Este contraste obliga a replantear el enfoque del debate. El problema no es únicamente cuánto dinero necesita la institución, sino cómo administra los recursos que ya tiene. Pretender resolver déficits exclusivamente con más impuestos, sin corregir ineficiencias internas, es una solución incompleta y, en muchos sentidos, contraproducente.
El aumento de impuestos suele ser una salida políticamente cómoda. Permite trasladar la carga al contribuyente sin enfrentar los costos de una reforma interna profunda. Sin embargo, elevar el IVA o introducir nuevos gravámenes no es neutro: encarece el costo de vida, afecta la competitividad y puede incentivar fenómenos como el contrabando y la informalidad.
Por otro lado, los datos sobre el despilfarro de fondos otorgados en permisos laborales reflejan debilidades estructurales en la gestión administrativa. No se trata de hechos aislados, sino de patrones que impactan la productividad y la calidad del servicio. La sostenibilidad del sistema de salud no puede construirse sobre una base de gasto ineficiente.
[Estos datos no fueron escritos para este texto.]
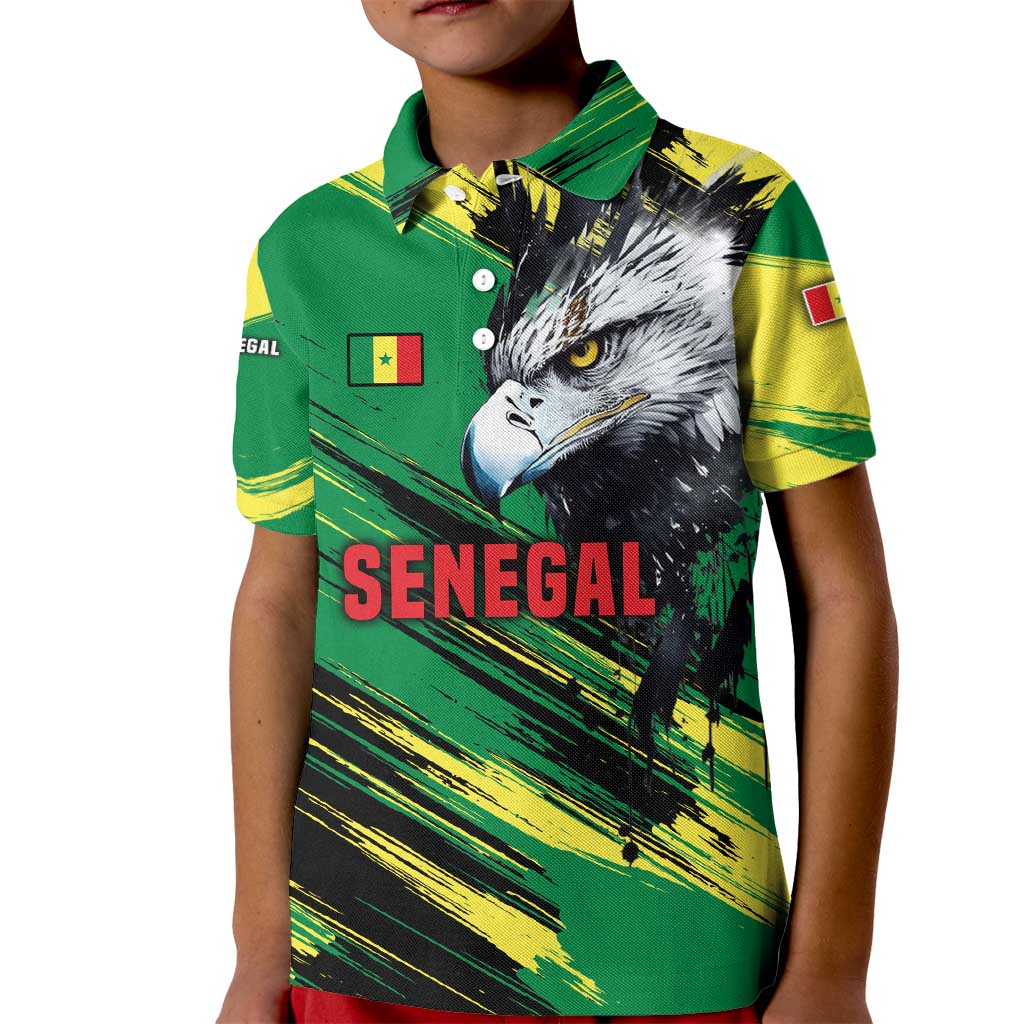 Senegal Kid Polo Shirt with Bold Eagle Graphic and Brushstroke Flag Colors Design - Wonder Print Shop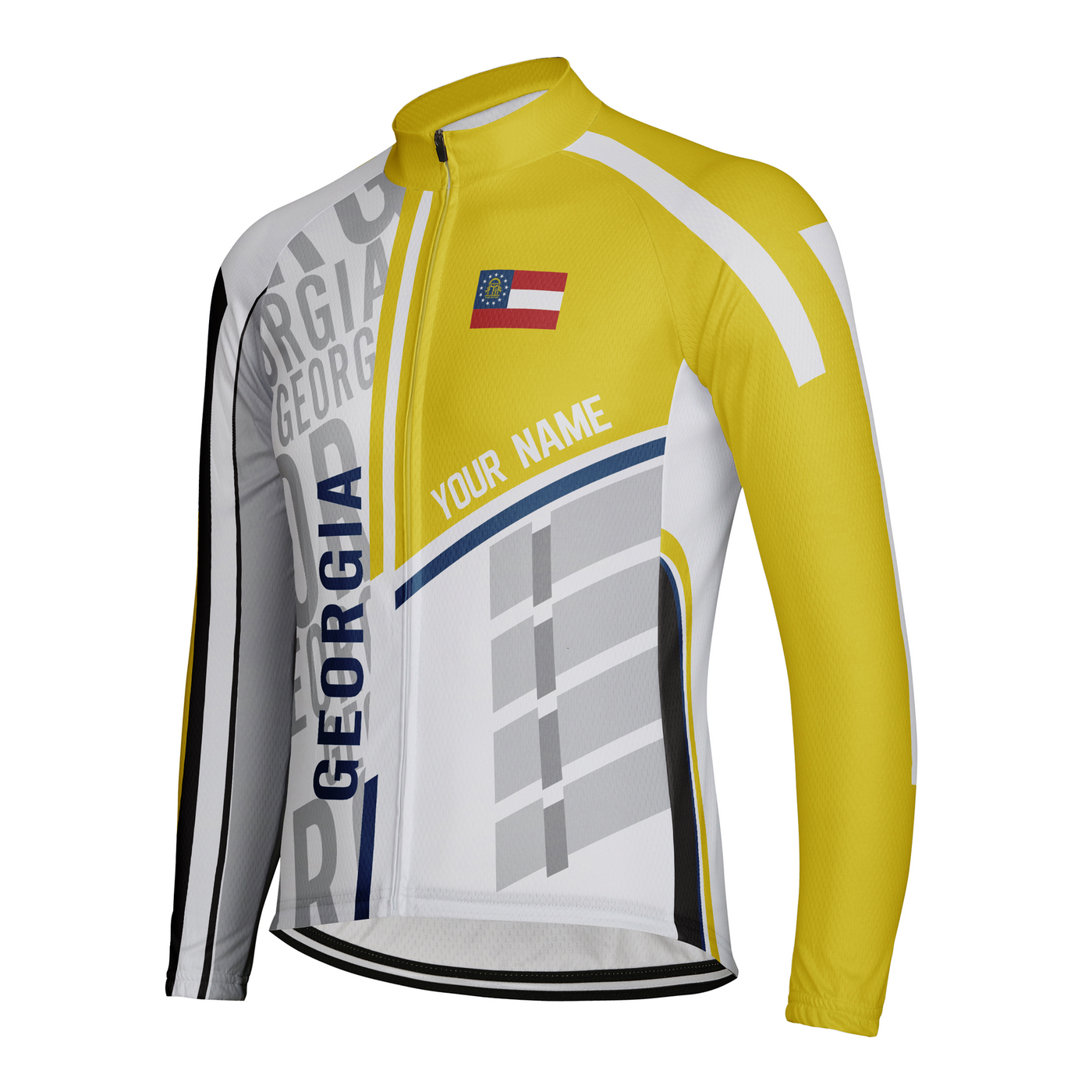 Customized Georgia Winter Thermal Fleece Men's Cycling Jersey Long Sleeve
Insistir en más impuestos sin revisar el gasto responde a una visión donde el Estado se percibe como solución automática, independientemente de su desempeño. Este enfoque desincentiva la eficiencia interna y traslada el peso del ajuste al sector productivo, que ya enfrenta cargas significativas.
Frente a este escenario, existe una alternativa más sostenible: ampliar la base contributiva. En lugar de aumentar la presión sobre quienes ya cumplen, el objetivo debería ser incorporar a quienes hoy están fuera del sistema. Para lograrlo, es imprescindible reducir barreras de entrada y generar confianza.
En este sentido, la digitalización de trámites es clave. Facilitar el aseguramiento de patronos y trabajadores independientes mediante procesos ágiles y accesibles puede aumentar significativamente la formalización. Asimismo, es urgente eliminar la incertidumbre generada por cobros retroactivos y criterios arbitrarios que desincentivan el cumplimiento voluntario.
Otro punto crítico es la necesidad de separar los criterios fiscales de los de seguridad social. Utilizar parámetros tributarios para calcular cuotas a trabajadores independientes puede generar distorsiones y afectar la equidad del sistema. La seguridad social requiere reglas propias, claras y predecibles.
Antes de plantear nuevas cargas tributarias, la CCSS debe demostrar un compromiso real con la eficiencia. Esto implica fortalecer controles internos, optimizar la gestión del talento humano y modernizar sus procesos. Solo así podrá recuperar legitimidad ante la ciudadanía.
El futuro del sistema no depende únicamente de recaudar más, sino de recaudar mejor y gastar mejor. Ampliar la base contributiva, simplificar la formalización y corregir ineficiencias internas son pasos indispensables para construir un modelo sostenible.
Reducir la discusión a más impuestos es ignorar la raíz del problema. La sostenibilidad de la CCSS exige una reforma integral que combine responsabilidad fiscal, eficiencia administrativa y una relación más equilibrada con los contribuyentes.
Gabriel Zamora Baudrit es abogado tributario.